Sala, le Nantais. (F.Porcu/L'Equipe)

Rémy Riou* : «Tu pouvais lui donner ta vie, il se serait battu pour elle»

«À Nantes, lors de ma dernière saison là-bas, nous étions en chambre ensemble. "Emi", ce n’était pas un grand bavard, pas quelqu’un d’extravagant qui montre ses sentiments. On pouvait rester des heures sans se parler, en étant tranquillement ensemble sans déranger l’autre. Mais tu pouvais lui donner ta vie, il se serait battu pour elle. On discutait notamment de la famille, qui était très importante pour lui. Sa mère venait souvent le voir d’Argentine, ses amis aussi. Je me souviens de la dernière soirée à Nantes pour fêter notre fin de saison. Avec des joueurs et quelques-uns de ses amis argentins, on s’était rejoint chez lui. On avait refait le monde jusqu’à 10-11 heures du matin… Il était comme ça : tu pouvais t’inviter chez lui, sonner, il t’accueillait, te servait un verre de vin sans problème.»

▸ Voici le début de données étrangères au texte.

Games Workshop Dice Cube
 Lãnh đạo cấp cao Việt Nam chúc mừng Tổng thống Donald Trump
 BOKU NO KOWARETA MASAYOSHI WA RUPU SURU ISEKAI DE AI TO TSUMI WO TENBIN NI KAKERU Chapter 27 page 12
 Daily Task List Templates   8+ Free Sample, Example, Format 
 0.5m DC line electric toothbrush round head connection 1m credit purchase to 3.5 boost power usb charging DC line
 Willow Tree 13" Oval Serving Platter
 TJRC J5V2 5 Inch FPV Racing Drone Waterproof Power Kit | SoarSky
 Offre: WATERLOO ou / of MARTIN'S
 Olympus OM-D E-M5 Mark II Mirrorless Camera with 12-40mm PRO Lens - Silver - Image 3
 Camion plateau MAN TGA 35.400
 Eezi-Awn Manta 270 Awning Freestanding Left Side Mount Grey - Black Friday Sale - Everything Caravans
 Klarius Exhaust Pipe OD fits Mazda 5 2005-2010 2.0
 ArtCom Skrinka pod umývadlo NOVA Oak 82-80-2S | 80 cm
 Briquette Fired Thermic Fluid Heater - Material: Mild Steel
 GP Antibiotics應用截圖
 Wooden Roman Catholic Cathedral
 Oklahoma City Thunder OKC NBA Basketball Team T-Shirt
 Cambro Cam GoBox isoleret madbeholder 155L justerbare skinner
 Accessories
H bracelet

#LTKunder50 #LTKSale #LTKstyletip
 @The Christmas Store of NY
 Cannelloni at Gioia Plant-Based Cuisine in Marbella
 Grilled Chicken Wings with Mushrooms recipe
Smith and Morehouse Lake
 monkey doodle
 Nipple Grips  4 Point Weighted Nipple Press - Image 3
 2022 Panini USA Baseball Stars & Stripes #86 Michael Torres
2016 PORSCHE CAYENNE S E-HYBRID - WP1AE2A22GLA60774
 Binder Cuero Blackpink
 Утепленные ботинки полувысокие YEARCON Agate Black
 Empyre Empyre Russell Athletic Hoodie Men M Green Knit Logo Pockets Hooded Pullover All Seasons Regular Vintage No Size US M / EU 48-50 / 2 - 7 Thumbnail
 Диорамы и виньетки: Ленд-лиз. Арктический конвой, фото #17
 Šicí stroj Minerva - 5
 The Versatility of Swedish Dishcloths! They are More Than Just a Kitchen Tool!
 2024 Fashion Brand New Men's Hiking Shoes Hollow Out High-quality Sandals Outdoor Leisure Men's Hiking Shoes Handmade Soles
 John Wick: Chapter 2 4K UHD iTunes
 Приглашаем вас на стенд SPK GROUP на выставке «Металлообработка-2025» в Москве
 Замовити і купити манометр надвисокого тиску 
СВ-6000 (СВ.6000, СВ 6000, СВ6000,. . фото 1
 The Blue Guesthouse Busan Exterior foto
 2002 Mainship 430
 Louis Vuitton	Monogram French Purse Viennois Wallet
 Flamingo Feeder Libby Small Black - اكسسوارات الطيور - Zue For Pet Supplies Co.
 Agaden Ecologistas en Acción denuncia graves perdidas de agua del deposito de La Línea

*Son coéquipier à Nantes (2015-17).

Wilfried Moimbé* : «Son espoir caché, je pense, c'était de "toucher" un jour l'Albiceleste»

«Un joueur longiligne, maigre, assez timide. Au fur et à mesure, on a découvert un bon mec, qui aimait beaucoup chambrer, qui aimait le collectif. Quelqu’un de très gentil, mais aussi de sanguin. “Emi”, il ne fallait pas l’énerver. On l’a vu un jour (il sourit) : il était en France depuis peu de temps et certains ont un peu voulu le chambrer sur son accent. Et c’en est venu aux mains. C’est un Sud-Américain, ils sont un peu chauds. Mais comme je suis un mec qui aime beaucoup chambrer, on s’entendait bien. Quand on s’est retrouvés à Nantes. Je lui posais souvent des questions sur l’Argentine. Il était passionné par ça. Son espoir caché, je pense, c’était de "toucher" un jour l’Albiceleste (la sélection argentine). Je pense que les recruteurs bordelais qui l’ont fait venir n’imaginaient pas qu’il arriverait un jour à ce niveau. Mais avec son tempérament, son travail, sa hargne, il est devenu un très bon joueur de Ligue 1 qui a pu signer un contrat en Premier League.»

*Son coéquipier à Bordeaux et à Nantes.